Posted July. 24, 2014 06:25,   


Lee Sang (1910-1937), the “highly talented writer,” went to Baekcheon Hot Spring in Hwanghae Province for treatment of tuberculosis in 1933, when he met Geum Hong, a Korean Keisha. He enjoyed short-lived happiness before Geum Hong, a man-eater, defected from their home. The relationship allowed the great poet to write the autobiographic novel “Wings.” In his final years, Lee fell in love with Byeon Dong-lim, a new generation woman and a graduate of English department at Ewha Womans College (current Ewha Womans University). But their marriage ended in a matter of four months due to Lee’s death. Byeon Dong-lim, who changed her name to Kim Hyang-an, remarried Kim Hwan-ki, and served as a strong supporter of the famed painter.
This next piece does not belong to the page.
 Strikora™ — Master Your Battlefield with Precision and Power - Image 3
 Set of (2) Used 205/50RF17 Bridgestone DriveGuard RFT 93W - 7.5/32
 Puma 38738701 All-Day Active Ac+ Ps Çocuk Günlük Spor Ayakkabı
The recipient of Lee Sang’s handwritten love letter, which was publicized in Wednesday’s issue of The Dong-A Ilbo, was Choi Jeong-hee (1912-1990), a then 23-year-old novelist and divorcee. “I truly like you. I like your small lips, neck and chin.” The three-page letter, which is believed to have been written in 1935, contains Lee’s frank expressions to win love. However, at the time Choi was dating Kim Dong-hwan, a writer with penname Pa-in who was married with children. The sentence, “Now, I am about to dislike you for no reason” in Lee’s letter, is regretful confession of love relationship that cannot be maintained.
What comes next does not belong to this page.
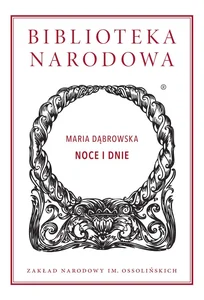 Noce i dnie Tom 1 i 2 Noce i dnie Tom 1 i 2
According to Jeong Gyu-woong, a literary critic, Choi was considered a lover and nicknamed an "elder sister" by all males in the Korean literature community due to her beautiful appearance and feminine character. Choi had two daughters (Kim Ji-won and Chae-won) with Kim, and these daughters who took after their mother debuted as novelists. Lee Sang’s love letter was discovered when Chae-won was filing letters of the late Choi. Kwon Yeong-min, emeritus professor at Dankook University who examined the letter, speculates that “Jongsaeng-gi” featuring the character named “Jeong-hee” is a novel modeled after Choi.
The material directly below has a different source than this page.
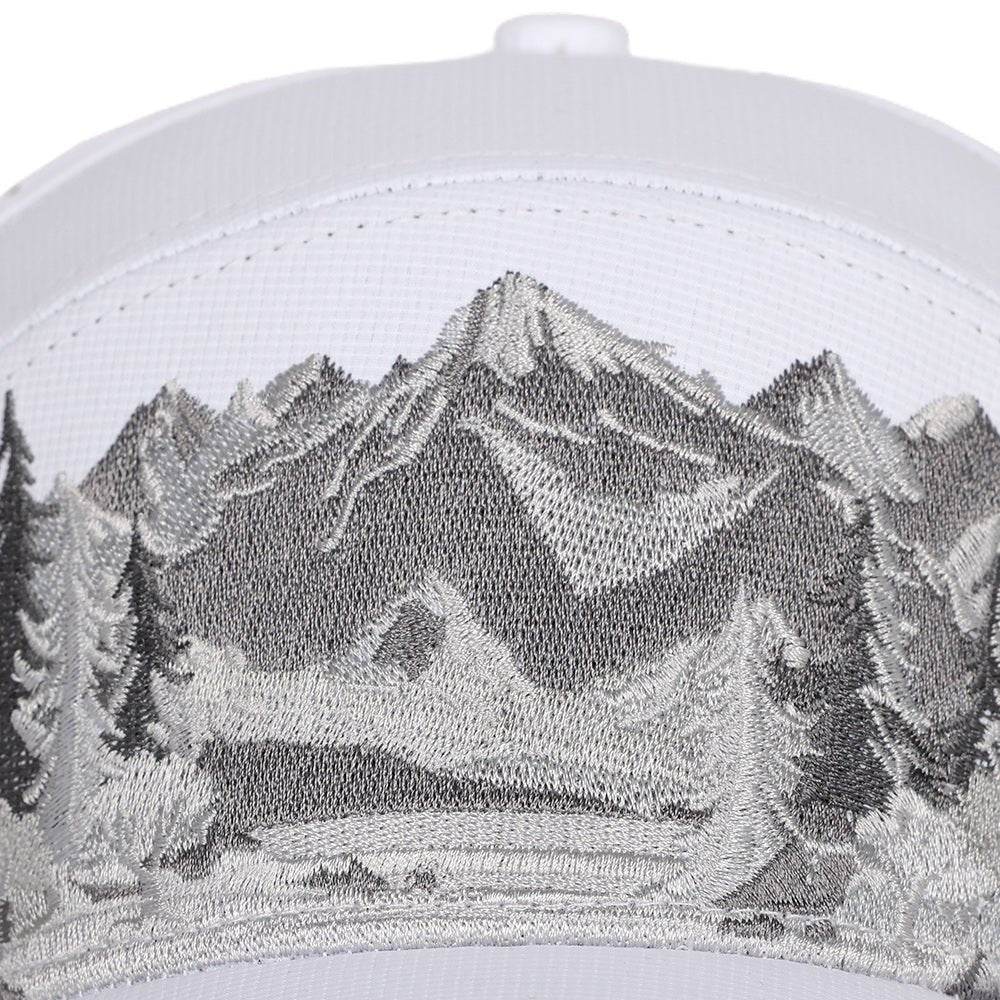 Sundaze Performance Snapback - One Revolver Surfboards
When it comes to love letter, Poet Yoo Chi-hwan (1908-1967) with penname Cheong-ma left a collection of recordings that no one can dare to mimic. Yoo had a family, but met with Lee Yeong-do (1916-1976), a poet of traditional Korean poetry who was an 8-year younger widow, and had Platonic love affairs with her. The 20-year period, during which Yoo mailed more than 5,000 handwritten letters, gave birth to “Happiness,” one of the Korean poems that are most beloved by Koreans. Reading Lee Sang’s love letter, one will learn that confession of love using all different emoticons over the mobile phone is no match to the deep emotion conveyed in handwritten letters.